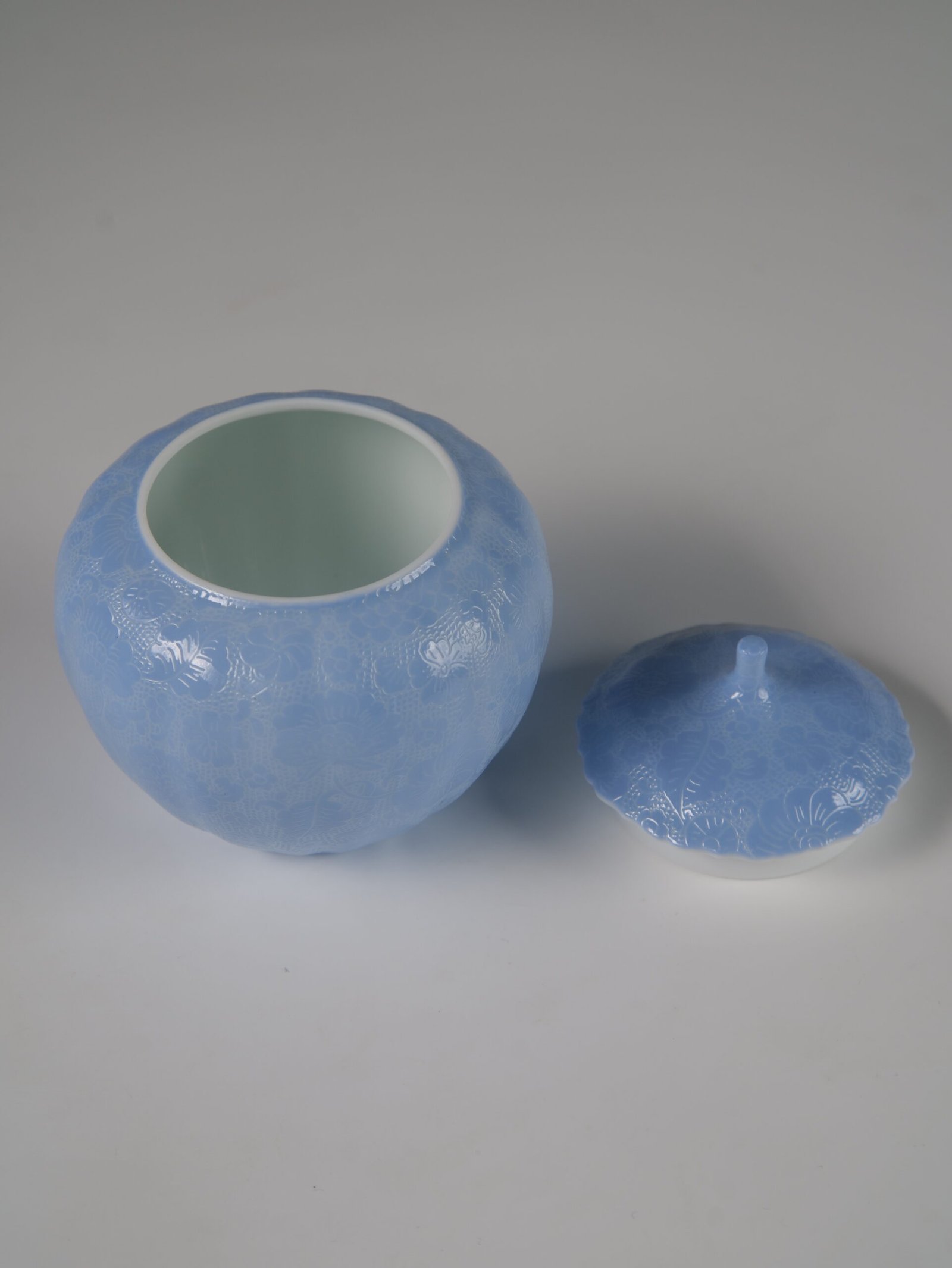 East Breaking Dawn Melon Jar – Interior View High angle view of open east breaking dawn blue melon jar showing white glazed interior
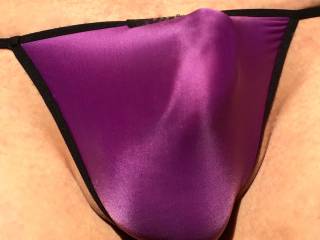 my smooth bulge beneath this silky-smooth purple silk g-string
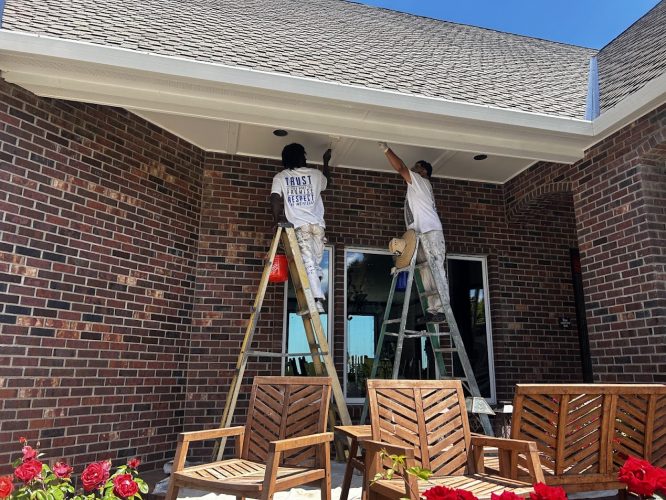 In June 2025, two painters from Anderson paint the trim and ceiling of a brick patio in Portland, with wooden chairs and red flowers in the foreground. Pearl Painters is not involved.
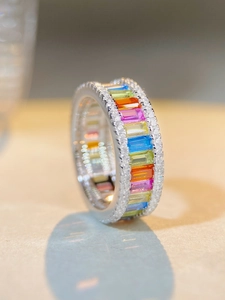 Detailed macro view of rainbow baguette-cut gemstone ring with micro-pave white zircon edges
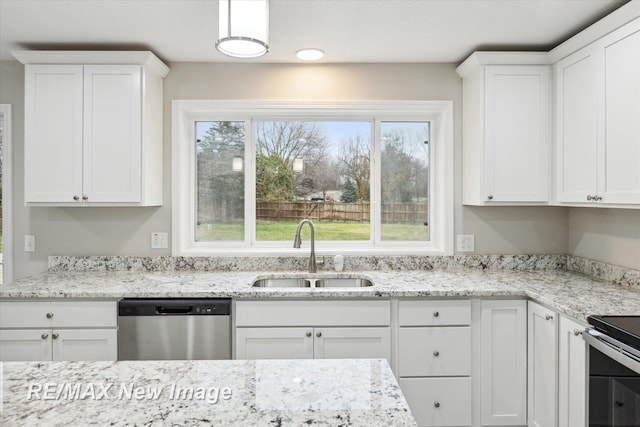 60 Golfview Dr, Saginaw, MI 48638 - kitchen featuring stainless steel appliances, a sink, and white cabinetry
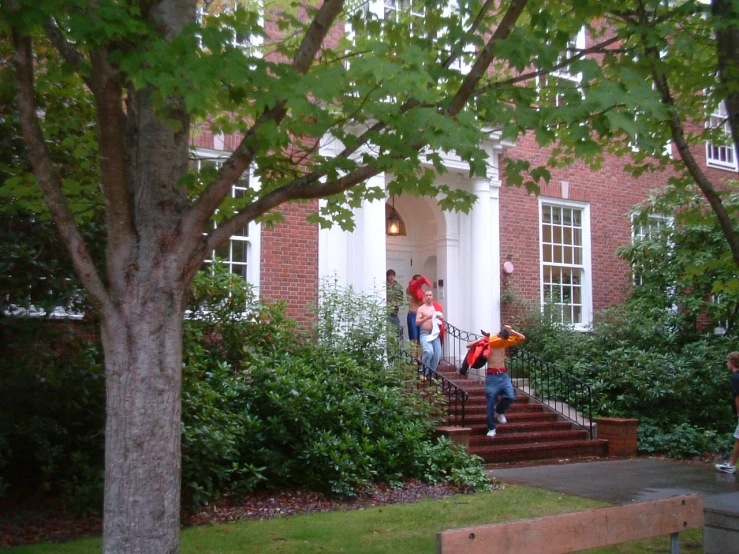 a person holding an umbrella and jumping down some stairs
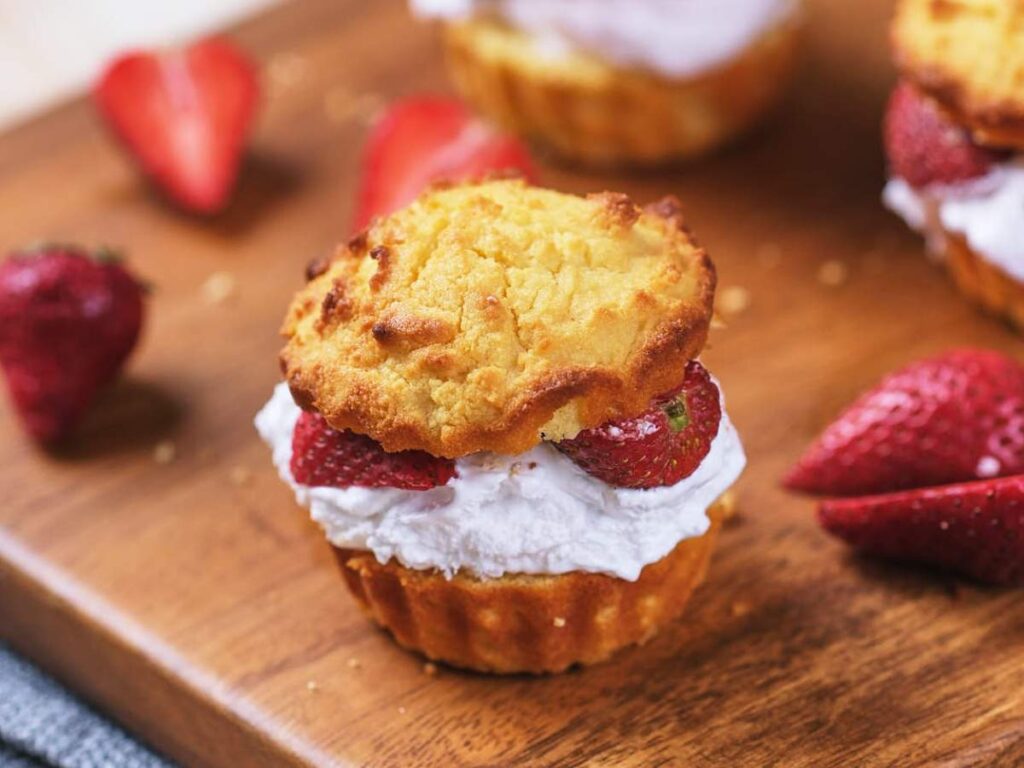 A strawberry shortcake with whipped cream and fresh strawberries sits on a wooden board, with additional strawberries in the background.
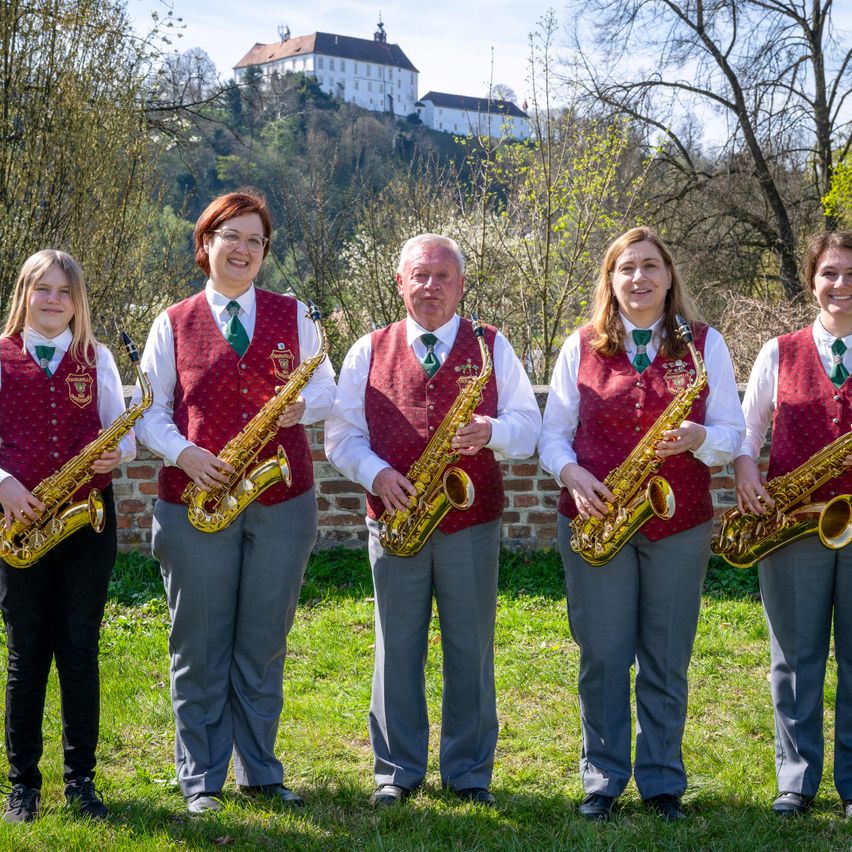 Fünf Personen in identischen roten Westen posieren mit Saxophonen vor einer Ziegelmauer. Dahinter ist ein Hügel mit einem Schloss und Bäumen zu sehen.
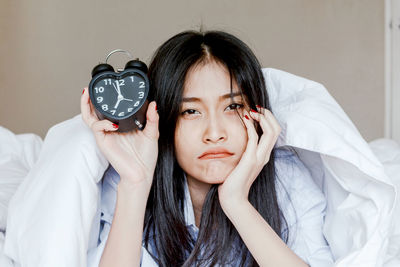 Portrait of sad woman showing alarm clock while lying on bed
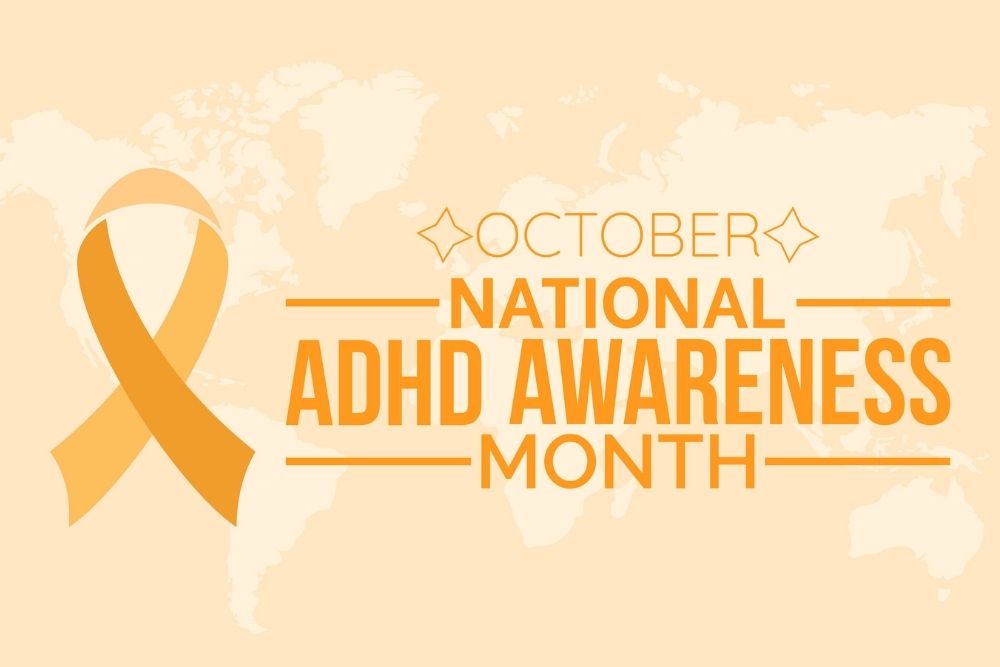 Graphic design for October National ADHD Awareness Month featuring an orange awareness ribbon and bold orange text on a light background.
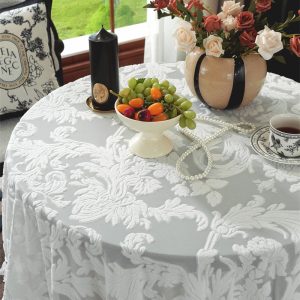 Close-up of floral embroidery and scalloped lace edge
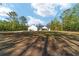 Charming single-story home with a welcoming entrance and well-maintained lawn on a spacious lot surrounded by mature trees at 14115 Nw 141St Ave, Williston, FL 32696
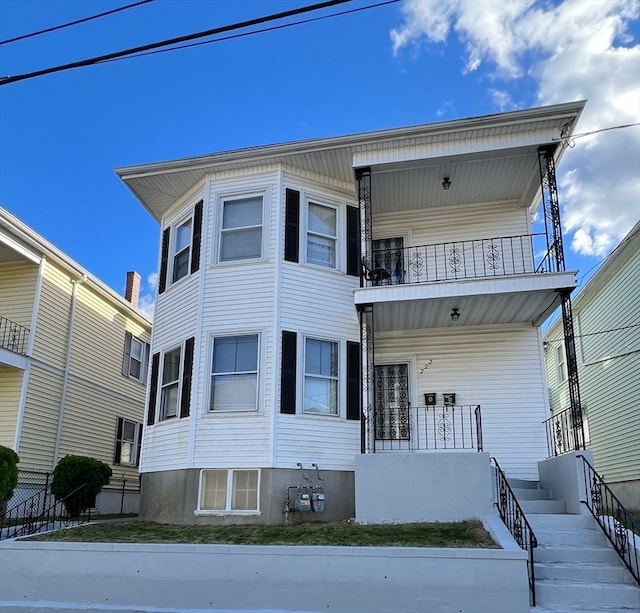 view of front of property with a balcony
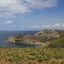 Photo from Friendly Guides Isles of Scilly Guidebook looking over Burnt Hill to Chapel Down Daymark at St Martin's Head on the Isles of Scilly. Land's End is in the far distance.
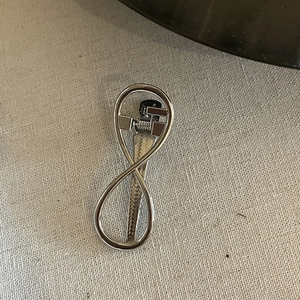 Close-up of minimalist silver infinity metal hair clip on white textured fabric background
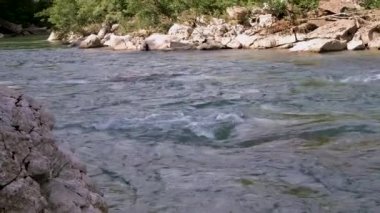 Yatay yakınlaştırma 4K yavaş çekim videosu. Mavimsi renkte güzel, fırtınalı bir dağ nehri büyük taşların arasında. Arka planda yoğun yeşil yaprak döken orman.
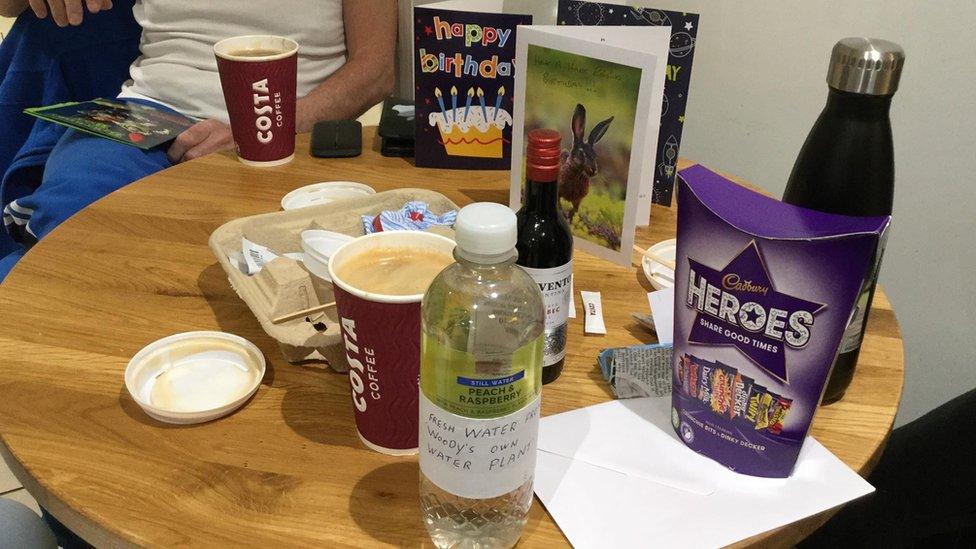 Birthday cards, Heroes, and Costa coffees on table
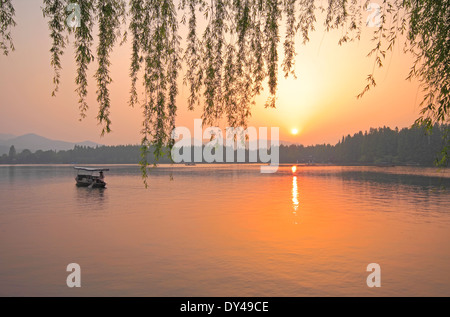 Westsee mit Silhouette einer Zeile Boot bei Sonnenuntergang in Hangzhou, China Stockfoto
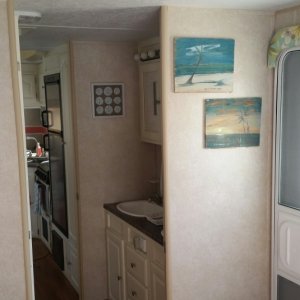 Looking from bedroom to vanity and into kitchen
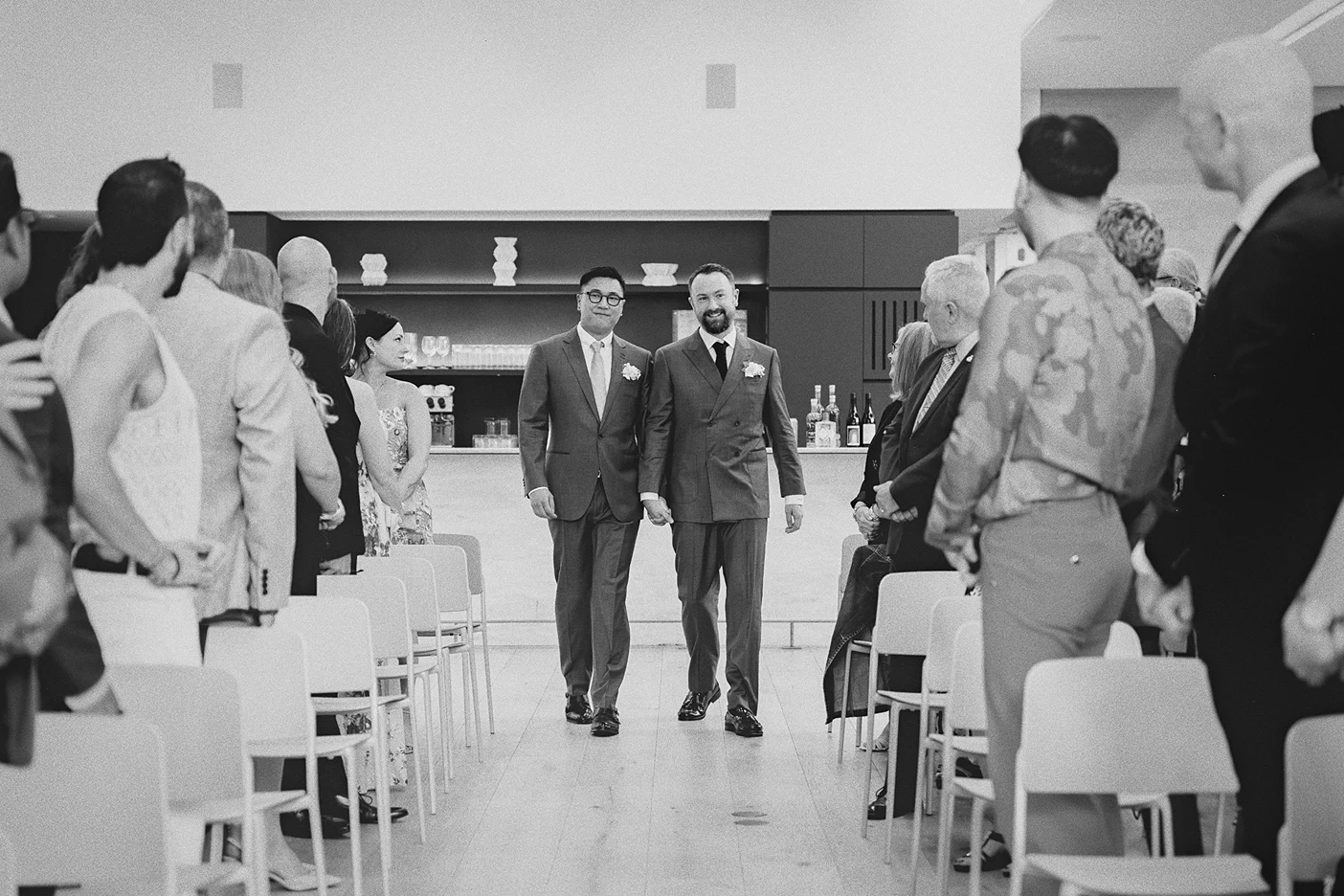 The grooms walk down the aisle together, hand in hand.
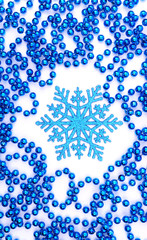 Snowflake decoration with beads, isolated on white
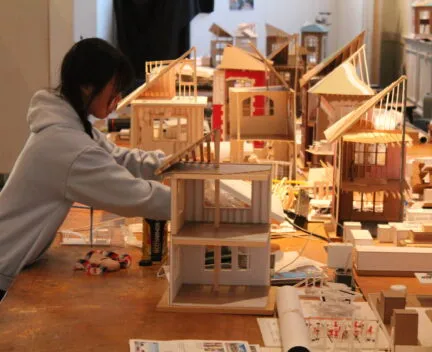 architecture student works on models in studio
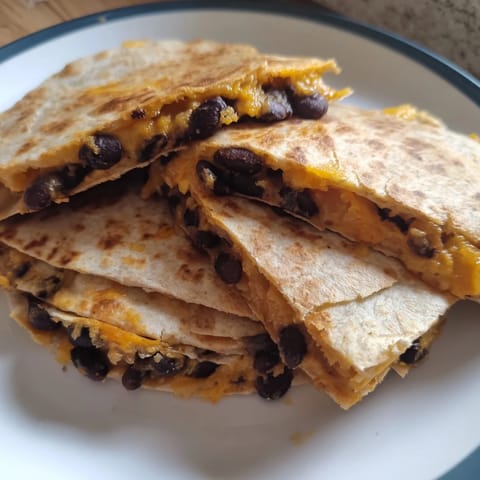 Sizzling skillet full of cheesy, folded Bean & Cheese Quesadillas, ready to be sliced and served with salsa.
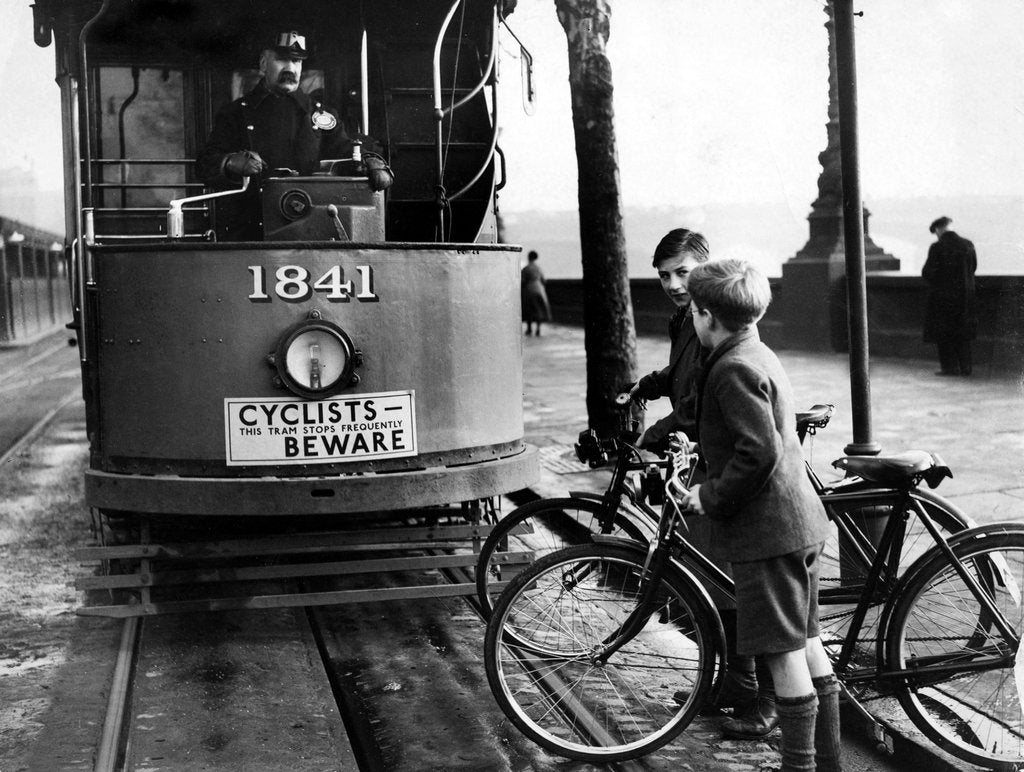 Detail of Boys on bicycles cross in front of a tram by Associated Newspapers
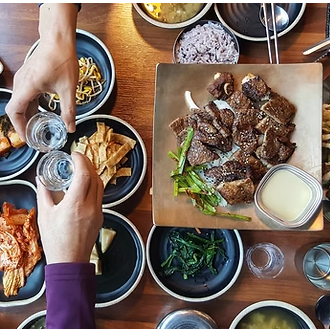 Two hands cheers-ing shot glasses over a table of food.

# # # #

== EXERCISE GOAL ==
Write out a verbatim copy of the lines from the line that contains "Close-up of floral" through the end of the entries above; pictures are not copied.

== TASK OUTPUT ==
 Close-up of floral embroidery and scalloped lace edge
 Charming single-story home with a welcoming entrance and well-maintained lawn on a spacious lot surrounded by mature trees at 14115 Nw 141St Ave, Williston, FL 32696
 view of front of property with a balcony
 Photo from Friendly Guides Isles of Scilly Guidebook looking over Burnt Hill to Chapel Down Daymark at St Martin's Head on the Isles of Scilly. Land's End is in the far distance.
 Close-up of minimalist silver infinity metal hair clip on white textured fabric background
 Yatay yakınlaştırma 4K yavaş çekim videosu. Mavimsi renkte güzel, fırtınalı bir dağ nehri büyük taşların arasında. Arka planda yoğun yeşil yaprak döken orman.
 Birthday cards, Heroes, and Costa coffees on table
 Westsee mit Silhouette einer Zeile Boot bei Sonnenuntergang in Hangzhou, China Stockfoto
 Looking from bedroom to vanity and into kitchen
 The grooms walk down the aisle together, hand in hand.
 Snowflake decoration with beads, isolated on white
 architecture student works on models in studio
 Sizzling skillet full of cheesy, folded Bean & Cheese Quesadillas, ready to be sliced and served with salsa.
 Detail of Boys on bicycles cross in front of a tram by Associated Newspapers
 Two hands cheers-ing shot glasses over a table of food.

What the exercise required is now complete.